16/12/2020, 15.42 WIB

Ternyata masih ada delapan perusahaan yang tidak menerapkan harga patokan mineral atau HPM jual-beli bijih nikel. Pemerintah akan menegur penambang dan pemilik pabrik pemurnian (smelter) tersebut. Bahkan sanksi pencabutan menanti kalau aturan itu tak kunjung mereka laksanakan. 

Direktur Pembinaan dan Pengusahaan Mineral Kementerian Energi dan Sumber Daya Mineral (ESDM) Yunus Saefulhak mengatakan, sebanyak 73 perusahaan telah menerima surat teguran dari pemerintah beberapa waktu lalu. Ada 65 perusahaan yang langsung melaksanakan HPM.

“Saya optimistis lambat laun penerapannya akan berjalan maksimal,” katanya dalam acara Indonesia Mining Outlook 2021, Rabu (16/12). 

Pelaksanaan HPM bertujuan untuk memberikan keadilan bagi pengusaha tambang dan pemilik pabrik pemurnian (smelter). “Ada beberapa perusahaan smelter yang sudah terlalu lama menikmati harga nikel murah,” ucap Yunus.

Harga nikel formula pemerintah cenderung lebih murah dibandingkan untuk ekspor. Tujuannya, agar perusahaan smelter domestik dapat memperoleh bahan baku dengan harga kompetitif. 

Risiko dan biaya investasi smelter jauh lebih besar dibandingkan dengam perusahaan pertambangan nikel. Kondisi itu pula yang membuat pemerintah memberikan insentif, berupa penetapan harga HPM yang relatif lebih kecil dibandingkan pasar internasional. 

Sekretaris Jenderal APNI Meidy K Lengkey mengatakan kebijakan HPM telah diatur dalam Peraturan Menteri Energi dan Sumber Daya Mineral (ESDM) Nomor 11 Tahun 2020 tentang tata cara penetapan harga patokan penjualan mineral logam dan batu bara.
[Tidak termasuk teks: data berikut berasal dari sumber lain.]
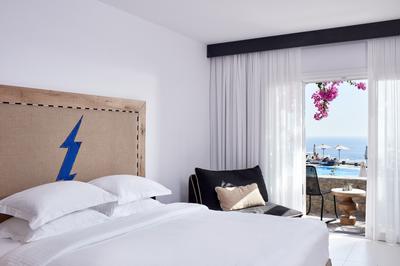 Guest room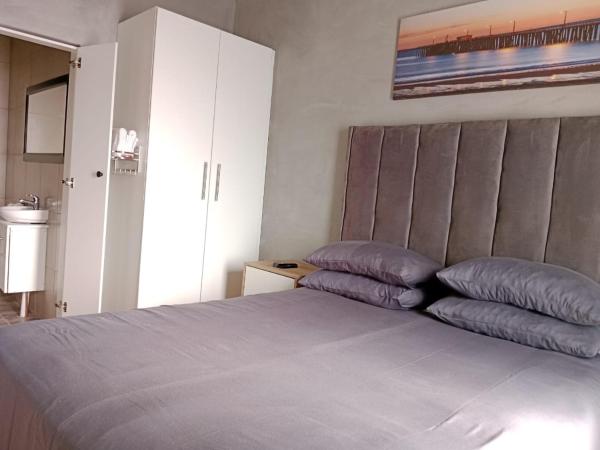 A la foto es mostra l'objecte The Private and Cosy Guest House 5 situat a la ciutat de Germiston.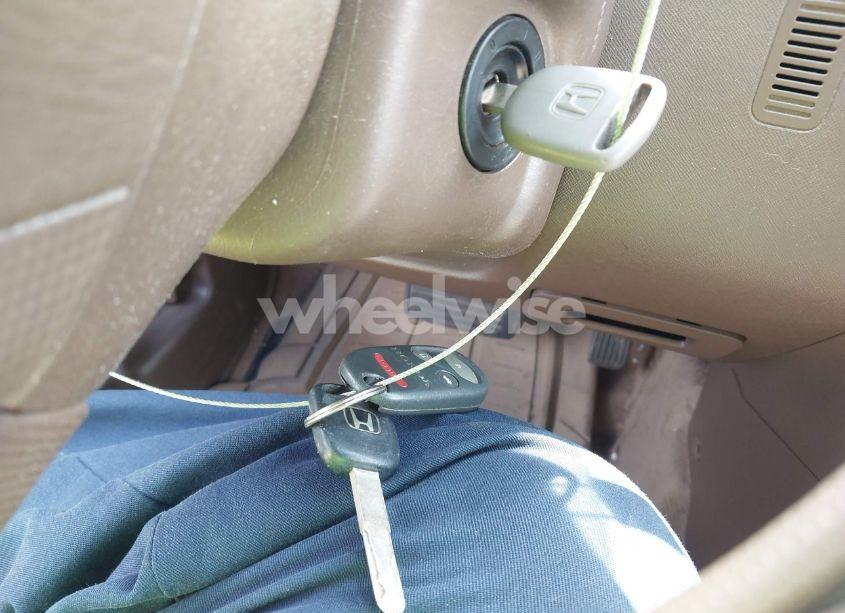 Photo 11 of 2003 Honda Cr-v EX (VIN SHSRD788X3U118506)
Para pengusaha smelter pun sudah mematuhi aturan tersebut.

Namun, persoalan lainnya adalah biaya angkutan dan asuransi atau cost insurance and freight (CIF) yang masih berlaku. Pihak smelter hanya membayar biaya tongkang US$ 3 per metrik ton. 

Dampaknya, penambang di Maluku, Maluku Utara, Papua, Kolaka Utara (Sulawesi Tenggara), dan Malili (Sulawesi Selatan) harus mensubsidi biaya tongkang US$ 5 sampai US$ 8 metrik ton. Yunus berpendapat perlu diskusi lebih lanjut soal ini antara pemerintah dan pelaku usaha guna mencari solusinya. 

Jumlah Smelter Nikel RI

Sebelumnya, Direktur Jenderal Mineral dan Batu Bara Kementerian ESDM Ridwan Djamaluddin memberikan peringatan pertama bagi penambang maupun smelter nikel yang masih mengabaikan ketentuan HPM.